Forty years following the discovery of the AIDS virus, the advances are immense, but can we go further?
Absolutely, since there are just over 38 million people living with HIV in the world and more than 650,000 more people die of AIDS each year.
It means that we have not yet eradicated the disease, yet we have to get there since we know that with the treatments, people do not develop the disease. If we manage to treat 100% of infected people, they will no longer develop AIDS.
But a quarter of people living with HIV still do not have access to treatment for various reasons, including insufficient testing.

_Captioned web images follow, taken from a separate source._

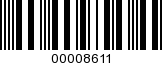 Barcode Image 00008611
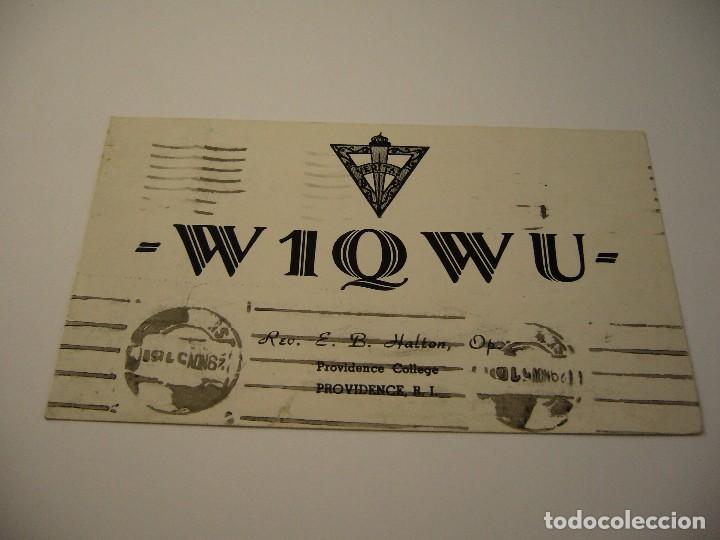 Postales: POSTAL RADIOAFICIONADO PROVIDENCE - Foto 1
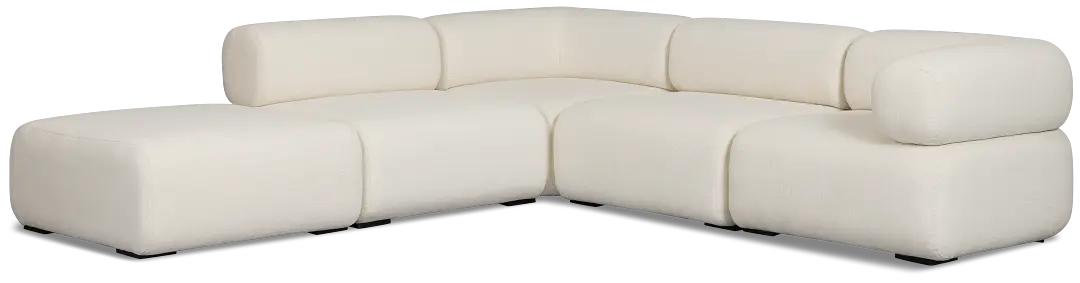 Celeste Light Beige Fabric 5-piece Left Facing Bumper Sectional Celeste Light Beige Fabric 5-piece Left Facing Bumper Sectional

We must continue to develop access to treatment and care, and improve screening.
In 2021, in France, 30% of people who discovered their HIV status were at an advanced stage of infection. However, the faster you are treated, the more the life expectancy is the same as that of a person not infected with HIV, and the less you infect others. The messages obviously did not go over very well.
Stigmatization and discrimination remain present and can constitute obstacles to screening.
The Covid crisis also brought a halt to activity, which fell in 2020 by 14% compared to 2019, and only increased once more by 8% in 2021.
In recent years, several cases of “cure” of HIV have been reported in patients following a bone marrow transplant to treat a tumor. Is it hope?
These are important advances for research because, thanks to these cases, we can learn which treatments to initiate to control the infection.
But we certainly cannot develop them on a large scale. These are extremely heavy treatments, offered to patients who had developed cancer. It was necessary to combine the transplant with immunosuppressive treatments (which reduce the action of the immune system, editor’s note)…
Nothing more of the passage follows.